WORKING DATA
▼▼▼
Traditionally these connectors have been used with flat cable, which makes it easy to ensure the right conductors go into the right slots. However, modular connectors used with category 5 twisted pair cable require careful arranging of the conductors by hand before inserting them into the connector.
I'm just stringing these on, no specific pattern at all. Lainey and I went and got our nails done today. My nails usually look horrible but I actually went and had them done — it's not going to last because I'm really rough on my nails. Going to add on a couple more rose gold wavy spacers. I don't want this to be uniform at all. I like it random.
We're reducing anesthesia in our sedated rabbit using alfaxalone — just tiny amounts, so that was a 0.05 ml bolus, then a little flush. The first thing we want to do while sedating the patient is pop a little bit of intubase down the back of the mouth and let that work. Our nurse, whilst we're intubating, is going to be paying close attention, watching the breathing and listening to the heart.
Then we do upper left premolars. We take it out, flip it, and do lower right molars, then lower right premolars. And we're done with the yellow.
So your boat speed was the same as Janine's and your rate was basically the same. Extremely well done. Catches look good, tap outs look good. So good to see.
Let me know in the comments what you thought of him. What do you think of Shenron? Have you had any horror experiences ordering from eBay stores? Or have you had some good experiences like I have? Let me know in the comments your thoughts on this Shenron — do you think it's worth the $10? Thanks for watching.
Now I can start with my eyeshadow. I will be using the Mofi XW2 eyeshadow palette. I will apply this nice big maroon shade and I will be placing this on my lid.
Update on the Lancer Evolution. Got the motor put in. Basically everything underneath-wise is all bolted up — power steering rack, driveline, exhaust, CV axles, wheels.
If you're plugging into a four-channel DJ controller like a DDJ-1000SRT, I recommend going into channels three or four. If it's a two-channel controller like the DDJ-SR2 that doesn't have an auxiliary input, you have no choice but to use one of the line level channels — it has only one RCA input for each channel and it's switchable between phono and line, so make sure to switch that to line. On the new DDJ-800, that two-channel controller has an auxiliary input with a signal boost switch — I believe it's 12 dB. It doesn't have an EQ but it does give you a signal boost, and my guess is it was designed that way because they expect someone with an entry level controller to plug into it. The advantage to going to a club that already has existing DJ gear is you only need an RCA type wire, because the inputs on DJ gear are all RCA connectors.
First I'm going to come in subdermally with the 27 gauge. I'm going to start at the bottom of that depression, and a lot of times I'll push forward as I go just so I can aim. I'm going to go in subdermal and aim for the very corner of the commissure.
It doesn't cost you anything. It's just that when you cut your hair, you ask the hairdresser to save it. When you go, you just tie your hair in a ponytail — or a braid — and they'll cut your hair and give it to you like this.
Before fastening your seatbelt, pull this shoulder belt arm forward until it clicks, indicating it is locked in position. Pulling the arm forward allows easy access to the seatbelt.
▲▲▲
REQUIRED ACTION
Nothing in the records above may be left out when you repeat them exactly.

SOLUTION BELOW
Traditionally these connectors have been used with flat cable, which makes it easy to ensure the right conductors go into the right slots. However, modular connectors used with category 5 twisted pair cable require careful arranging of the conductors by hand before inserting them into the connector.
I'm just stringing these on, no specific pattern at all. Lainey and I went and got our nails done today. My nails usually look horrible but I actually went and had them done — it's not going to last because I'm really rough on my nails. Going to add on a couple more rose gold wavy spacers. I don't want this to be uniform at all. I like it random.
We're reducing anesthesia in our sedated rabbit using alfaxalone — just tiny amounts, so that was a 0.05 ml bolus, then a little flush. The first thing we want to do while sedating the patient is pop a little bit of intubase down the back of the mouth and let that work. Our nurse, whilst we're intubating, is going to be paying close attention, watching the breathing and listening to the heart.
Then we do upper left premolars. We take it out, flip it, and do lower right molars, then lower right premolars. And we're done with the yellow.
So your boat speed was the same as Janine's and your rate was basically the same. Extremely well done. Catches look good, tap outs look good. So good to see.
Let me know in the comments what you thought of him. What do you think of Shenron? Have you had any horror experiences ordering from eBay stores? Or have you had some good experiences like I have? Let me know in the comments your thoughts on this Shenron — do you think it's worth the $10? Thanks for watching.
Now I can start with my eyeshadow. I will be using the Mofi XW2 eyeshadow palette. I will apply this nice big maroon shade and I will be placing this on my lid.
Update on the Lancer Evolution. Got the motor put in. Basically everything underneath-wise is all bolted up — power steering rack, driveline, exhaust, CV axles, wheels.
If you're plugging into a four-channel DJ controller like a DDJ-1000SRT, I recommend going into channels three or four. If it's a two-channel controller like the DDJ-SR2 that doesn't have an auxiliary input, you have no choice but to use one of the line level channels — it has only one RCA input for each channel and it's switchable between phono and line, so make sure to switch that to line. On the new DDJ-800, that two-channel controller has an auxiliary input with a signal boost switch — I believe it's 12 dB. It doesn't have an EQ but it does give you a signal boost, and my guess is it was designed that way because they expect someone with an entry level controller to plug into it. The advantage to going to a club that already has existing DJ gear is you only need an RCA type wire, because the inputs on DJ gear are all RCA connectors.
First I'm going to come in subdermally with the 27 gauge. I'm going to start at the bottom of that depression, and a lot of times I'll push forward as I go just so I can aim. I'm going to go in subdermal and aim for the very corner of the commissure.
It doesn't cost you anything. It's just that when you cut your hair, you ask the hairdresser to save it. When you go, you just tie your hair in a ponytail — or a braid — and they'll cut your hair and give it to you like this.
Before fastening your seatbelt, pull this shoulder belt arm forward until it clicks, indicating it is locked in position. Pulling the arm forward allows easy access to the seatbelt.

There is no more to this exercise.